──────── Dataset excerpts

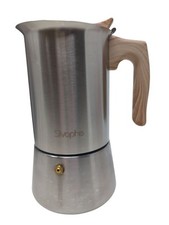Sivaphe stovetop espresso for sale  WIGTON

────────────────
──────── Dataset excerpts

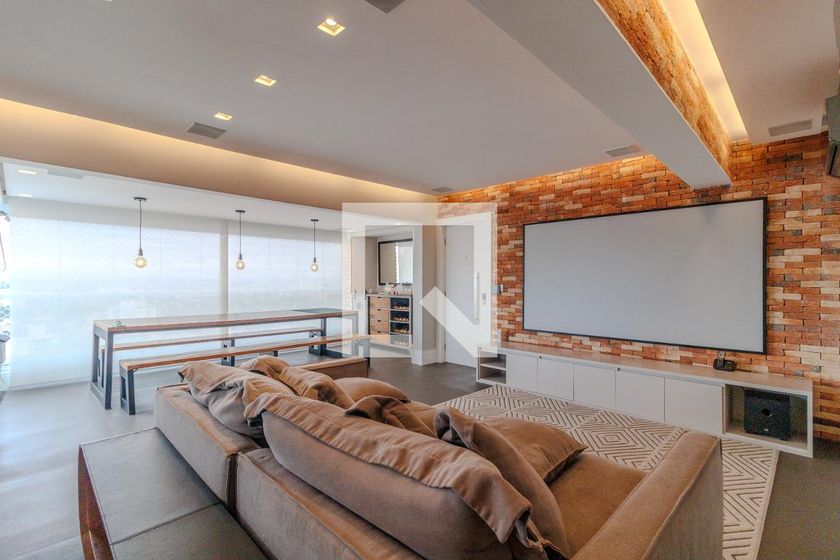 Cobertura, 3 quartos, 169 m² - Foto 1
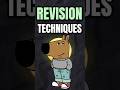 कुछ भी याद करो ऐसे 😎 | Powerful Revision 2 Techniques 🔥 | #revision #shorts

────────────────
──────── Dataset excerpts

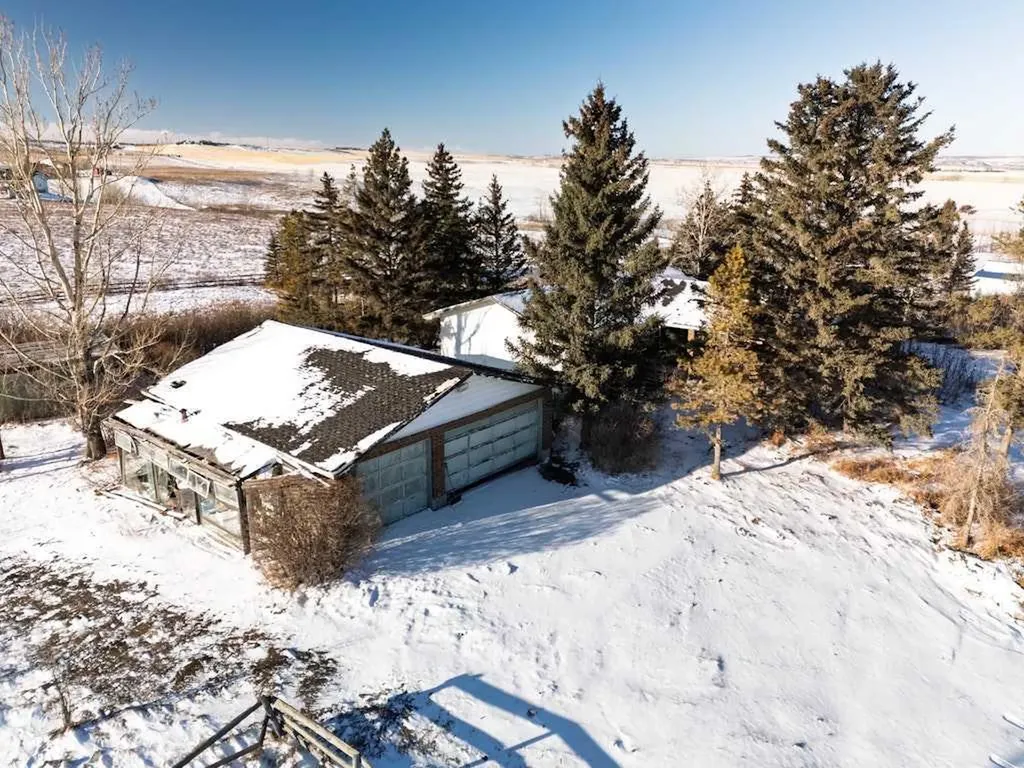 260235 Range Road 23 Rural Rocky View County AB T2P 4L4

────────────────

> _What you should do_
Skip every picture, and restate word for word only the lines above from the line containing "Cobertura, 3 quartos, 169 m² - Foto 1" to the line containing "कुछ भी याद करो", both of them included.

> _Answer for the task_
 Cobertura, 3 quartos, 169 m² - Foto 1
 कुछ भी याद करो ऐसे 😎 | Powerful Revision 2 Techniques 🔥 | #revision #shorts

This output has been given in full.